Katie Pier
After years of work, way too little sleep and way too much coffee, you’ve developed an innovative new product that will disrupt the market and change the world. How do you protect the code that you’ve poured your blood, sweat and tears into developing?
While there is no perfect solution to protect against unauthorized access or reverse engineering, there are some precautions you can take to make your code more difficult to access. Using layers of security with different methodologies to control code access is typically your best bet.
TI’s MSP430™ microcontroller (MCU) families provide a number of features that you can use together to increase layered protection of your code, enabling software IP protection, debugging security and secure storage. In this blog post, I’ll explain these features.
MSP430FR5xx/6xx ferroelectric random access memory (FRAM) MCUs include an IP encapsulation (IPE) feature that you can use to encapsulate and protect a configurable area of FRAM memory from read or write access anywhere outside the IPE area by JTAG port, bootloader (BSL) or other code within the device.
This can be desirable when working with a third party; you can program code with your critical IP in the IPE area of a device, and even a third party partner who is later loading code into that same device can’t read it out– they can only tell their code to execute functions from within the area. You can also store your encryption keys and encryption routines in the IPE area for added security. The application note “MSP430 Code Protection Features” includes many more details on enabling IPE in your system, including best practices and an example IPE project.
All MSP430 microcontrollers contain some form of JTAG lock. The implementation varies across families, but the general idea is that in any MSP430 device, you can disable JTAG access to prevent someone from reading out the code. MSP430FR5xx/6xx FRAM MCUs, like the MSP430FR5994 device, also allow you to set a password on JTAG instead, so that authorized users can still access the device but other methods lock out all users. Again, the application note “MSP430 Code Protection Features” includes more details on different JTAG lock implementations across families and includes an example project using JTAG lock with a password.

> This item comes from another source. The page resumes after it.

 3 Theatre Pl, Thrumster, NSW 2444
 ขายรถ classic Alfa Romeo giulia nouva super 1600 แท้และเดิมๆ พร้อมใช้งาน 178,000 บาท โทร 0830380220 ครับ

Most applications need to have a way for authorized users to access the device but still prevent device readout. Most MSP430 devices include a BSL and a number of features to help prevent unauthorized readout. Commands that allow readout of the device are password-protected, usually with a 32-byte password. By default, an incorrect BSL password results in a mass erase of the device – this helps prevent someone from doing a brute-force attack on the password by trying every possible combination, because on the first attempt when the password is wrong, the device will erase itself and your IP will no longer be there to be read out. Alternately, you can totally disable the BSL if firmware updates aren’t going to be necessary.
With MSP430 MCUs, you can use layers of code-protection features to help secure your software investment. Now you can focus on what groundbreaking IP you’ll create next.